### INPUT
================================
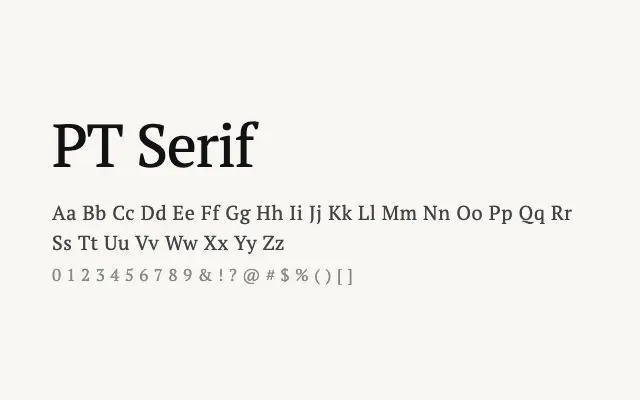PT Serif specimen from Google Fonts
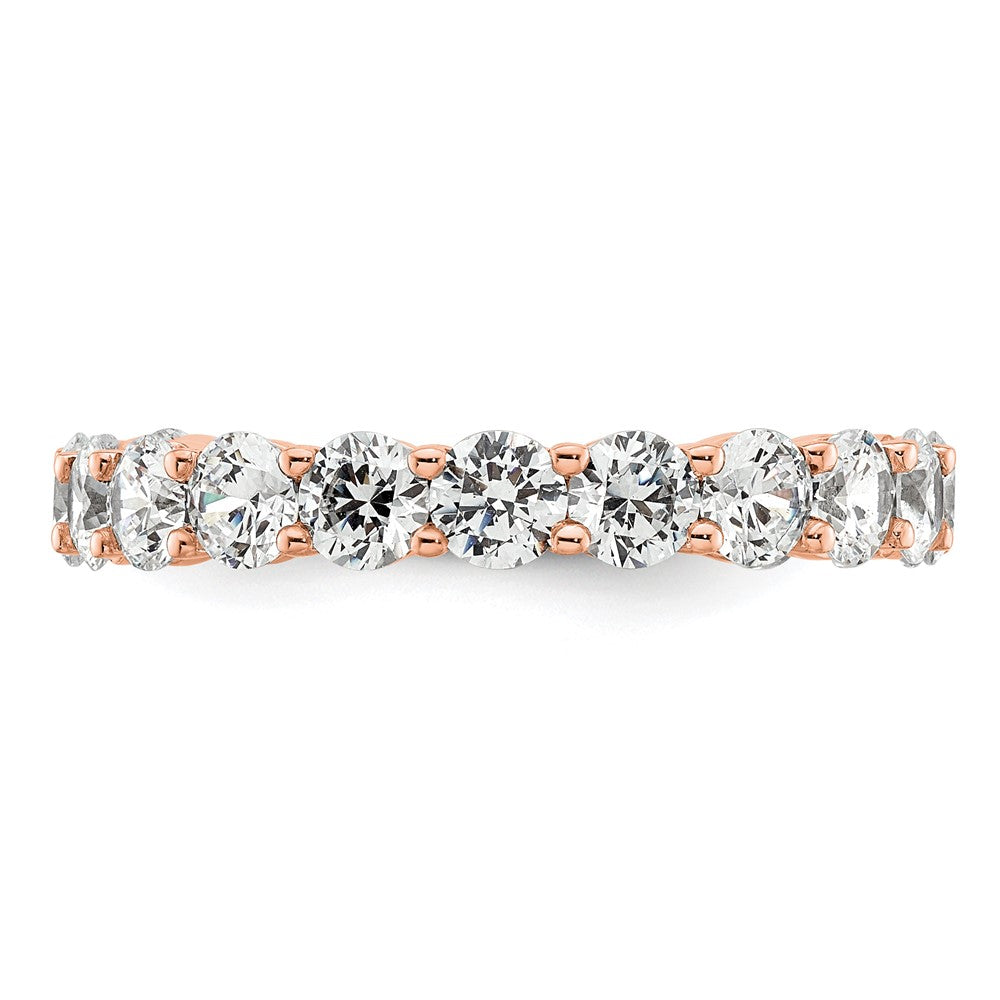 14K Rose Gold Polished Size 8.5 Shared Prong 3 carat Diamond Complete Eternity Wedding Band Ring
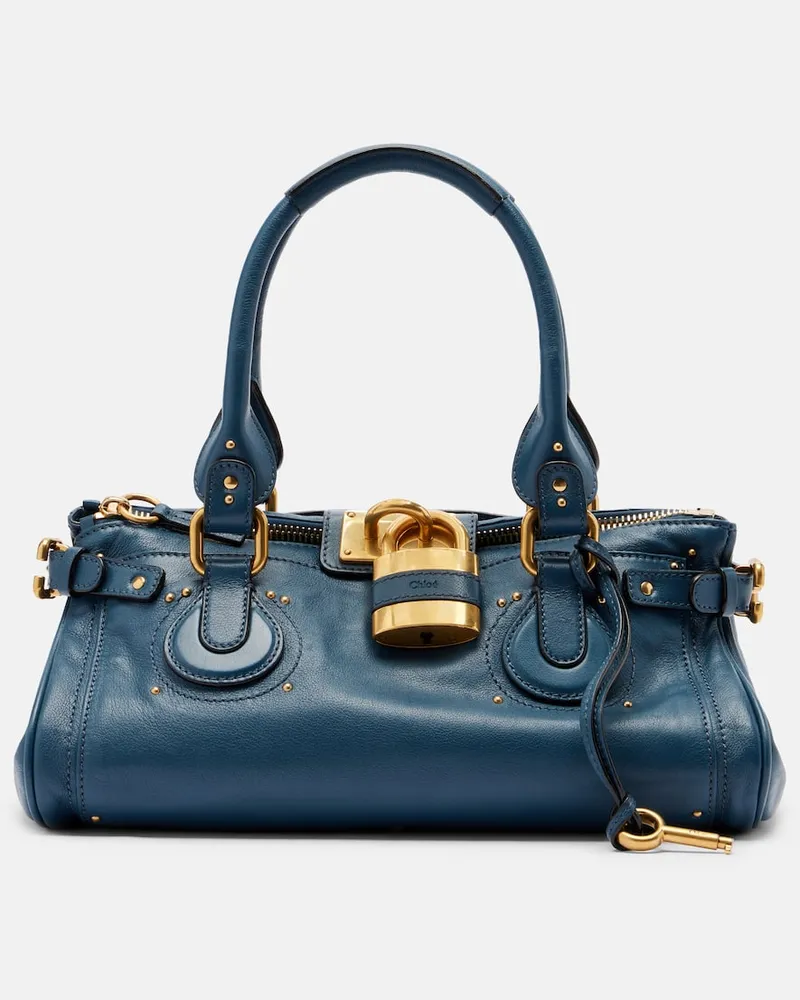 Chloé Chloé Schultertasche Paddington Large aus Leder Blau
================================
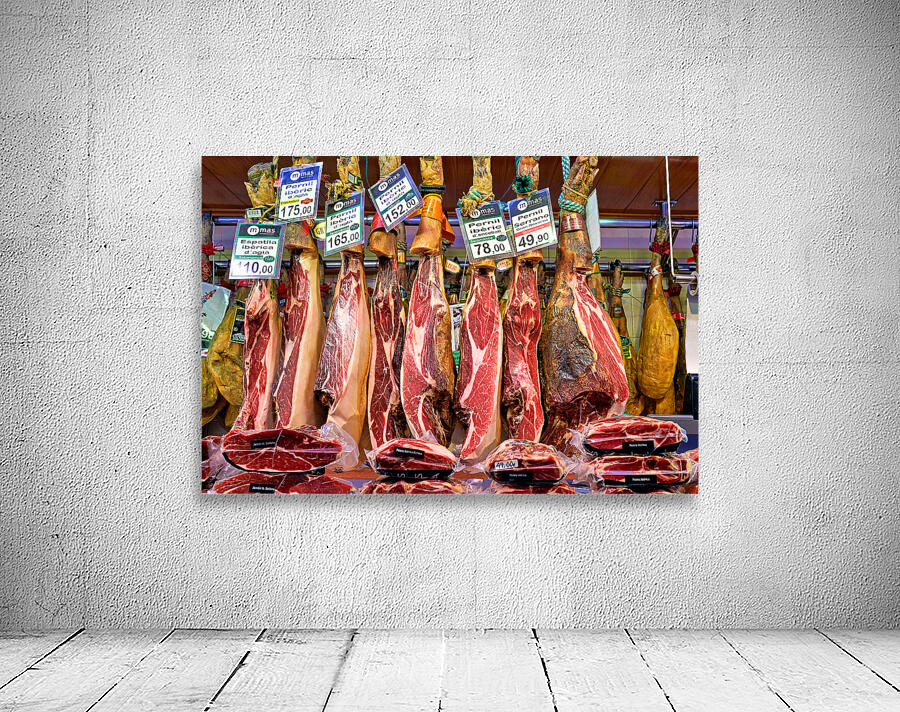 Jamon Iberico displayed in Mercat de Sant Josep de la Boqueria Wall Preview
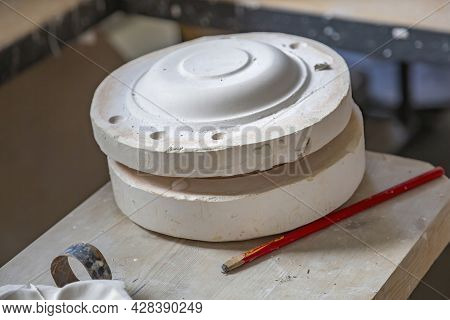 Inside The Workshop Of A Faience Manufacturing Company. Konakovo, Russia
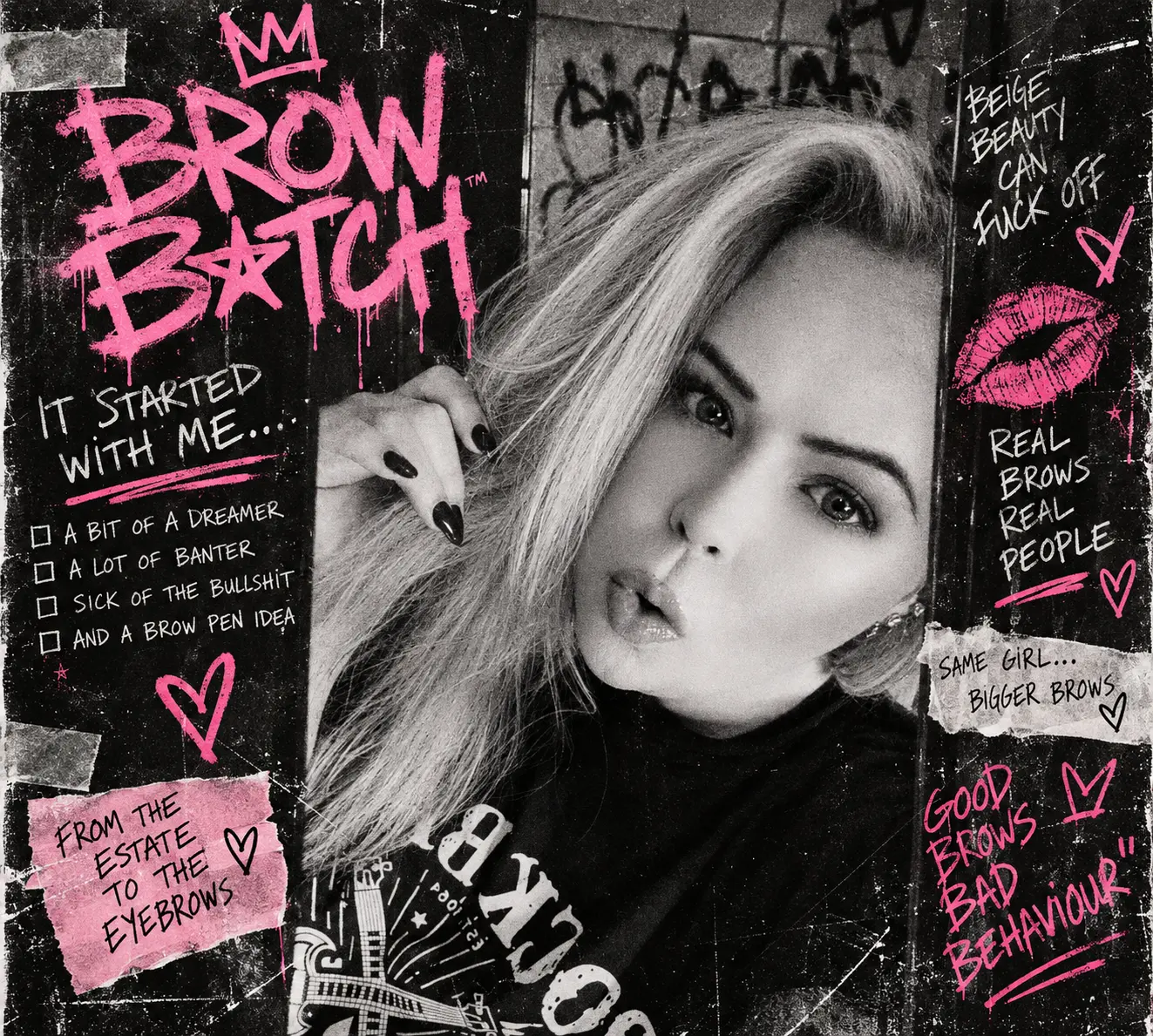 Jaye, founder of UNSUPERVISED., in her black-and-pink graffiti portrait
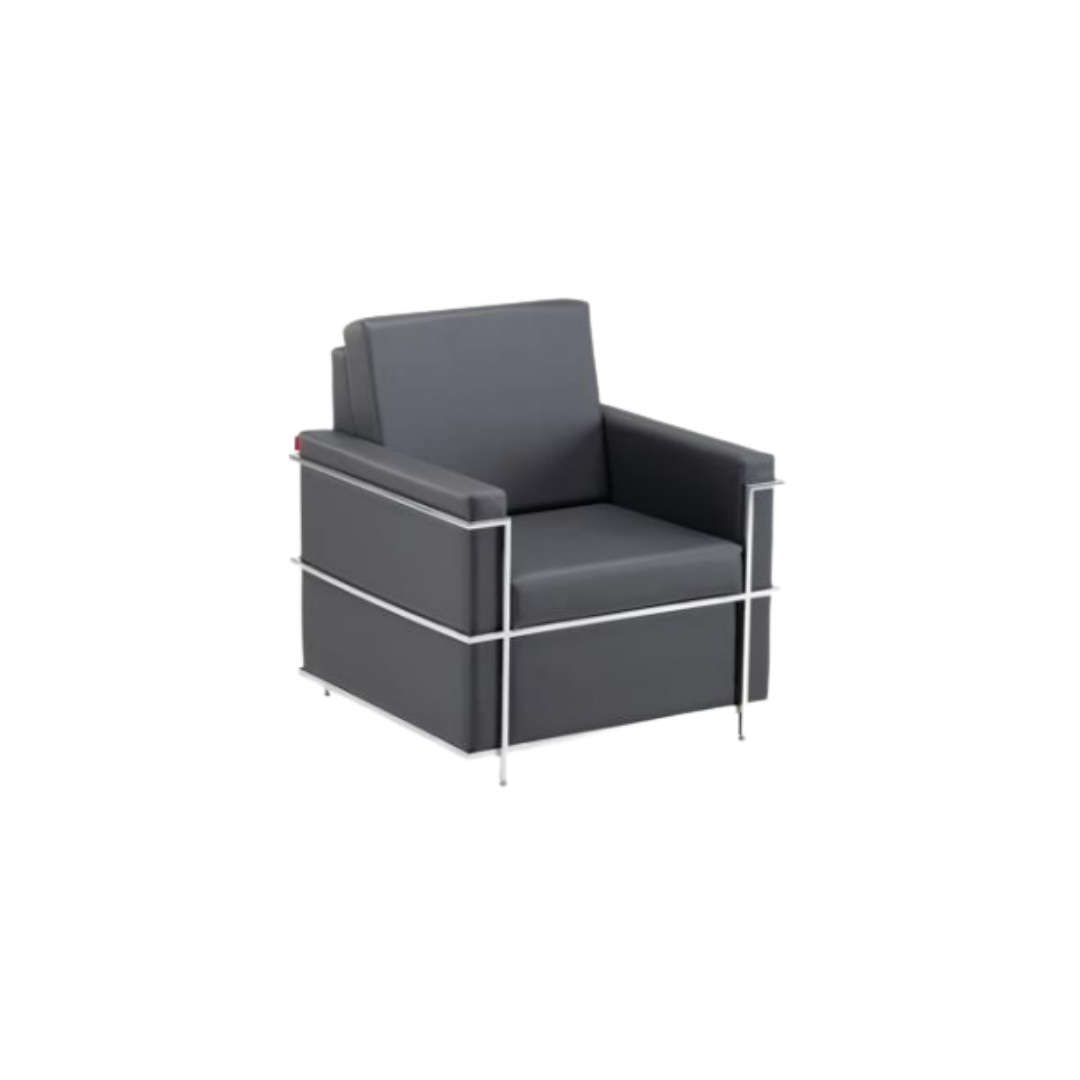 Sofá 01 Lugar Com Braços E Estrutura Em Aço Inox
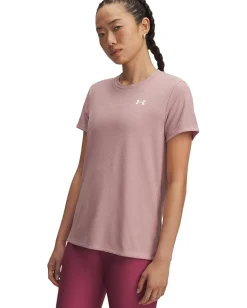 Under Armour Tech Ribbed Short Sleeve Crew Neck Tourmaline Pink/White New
================================
Looking above, find the stretch of lines that opens with the one holding "14K Rose Gold" and closes with the one holding "Chloé Chloé Schultertasche". Copy it exactly, pictures excluded.

 14K Rose Gold Polished Size 8.5 Shared Prong 3 carat Diamond Complete Eternity Wedding Band Ring
 Chloé Chloé Schultertasche Paddington Large aus Leder Blau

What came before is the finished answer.